They passed fallen trees and little ponds gone acid green with algae.

“We don’t want to build
over
the bodies. What kind of monstrosity-maker do you take me for? We’re going to move them. To Glenlawn. My parents are buried in Glenlawn.”

“That’s where my parents are going,” Claudia said, as if naming the destination of their next vacation.

“It has fountains. And weeping willows. It’s lovely.”

“So displacing the dead from their eternal resting ground really makes you a humanist.”

“But then come the historical societies,” said Nick, ignoring the jab. “Saratoga. Bemis Heights. Even Alluvia has one. They’re all over this part of the state, protecting every last log George Washington ever peed on. ‘There are soldiers buried there!’” His imitations were, as she remembered them, passionate but limited: everyone sounded like Jerry Lewis with a cold. “‘This is hollow ground.’ One of them actually said that to me. ‘Hollow ground.’ Maybe it was Benji’s girlfriend. Is she dumb?”

“I don’t think so.”

“These people,” he mused venomously. “The women would be happy churning their own butter while the men spend their weekends reenacting the Battle of Freeman’s Farm. It’s all spinsters and Second Amendment wackadoos.”

“A humanist and a patriot,” Claudia said, her hand finding its way to the console between them, her fingers, as if drawn by a magnet, tantalizingly close to his leg.

And Max, on the porch.

“Why do you care? If it’s your property? It is your property, right?”
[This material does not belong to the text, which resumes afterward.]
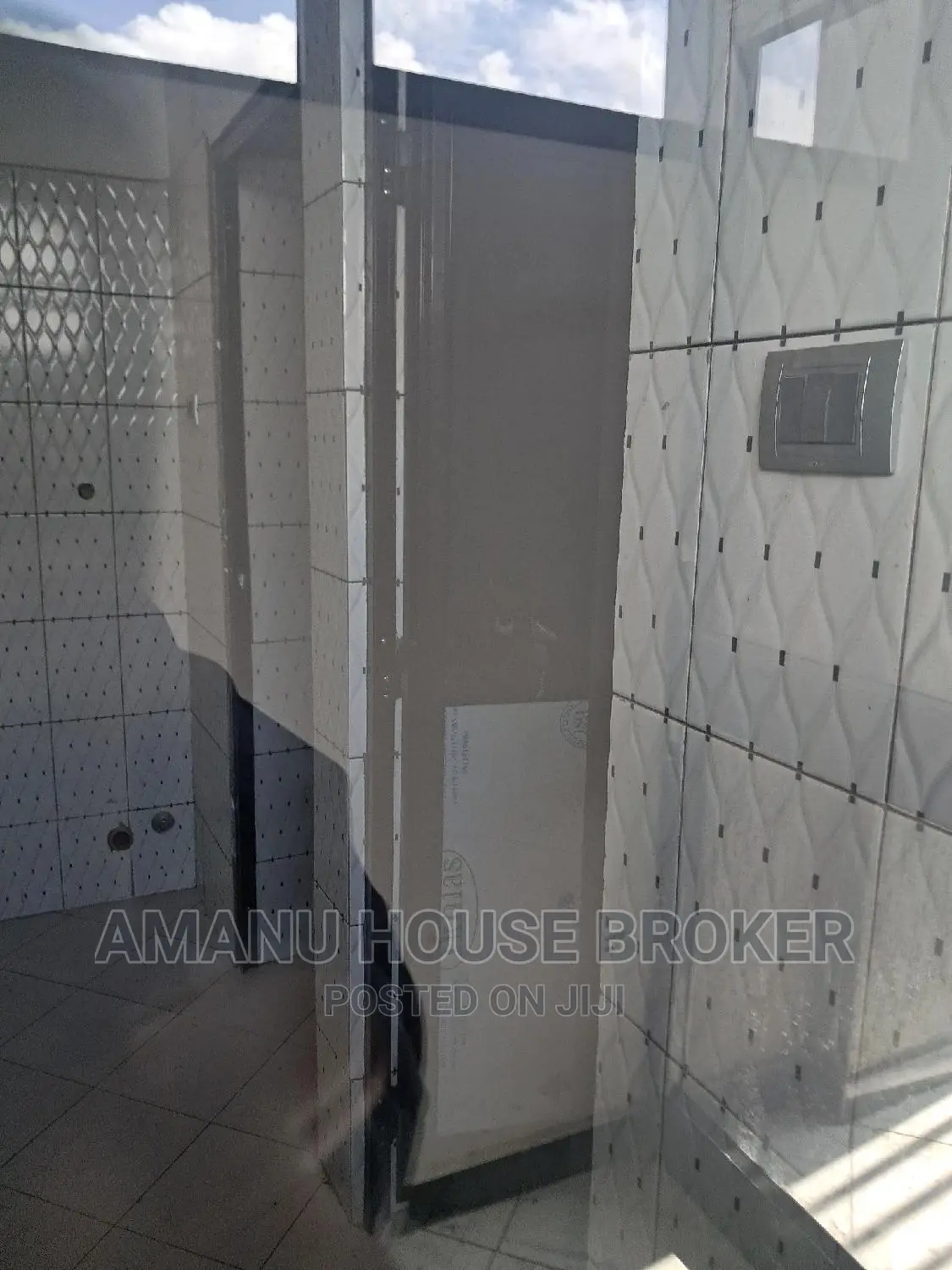 አስቸኳይ የሚከራይ ቢሮ 75sqm,270sqm,250sqm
“It’s mine. But contrary to popular belief, not all publicity is good publicity. The average resident of your high-end housing community wants to live outside the shadow of death and desecration.” He changed tack and said, wounded, “You know what those T-shirts say? ‘Amato & Sons Need to Develop . . . a Conscience.’” He shifted the Escalade into park and turned to face her. “I have a conscience.”

“I know you do, but
. . .

“But. What? I
don’t
have a conscience?”

“Not that. I was going to say the kind of developments you’re talking about? If you think about it? They’re the opposite of communities, Nick. People living like that wave to the neighbors across their half acre of lawn, and that’s it. There’s no interaction. Maybe a Halloween block party, but no public life to speak of. People are more likely to get in the car and drive to buy sugar than borrow a cup from the neighbor next door.”

“Who still borrows sugar? You sound like you might like to churn some butter yourself.”

“Are you calling me a spinster?”

He stared down at the rings on her left hand.

They turned to look out the window at the view afforded by the noonday sun: the clustered cemetery with headstones like broken teeth, the distant trees, a stretch of purplish mountain painted across the horizon.

“It’s beautiful,” said Claudia, “in a tumbledown sort of way.”

He gave a quick, devilish smile and asked, “So what would you do, Madam Architect? You’ve got a hundred acres. No cemetery. No redcoats.”

“No budget?”

“Let’s not get crazy.”

“You don’t want cute little houses. What do you want?”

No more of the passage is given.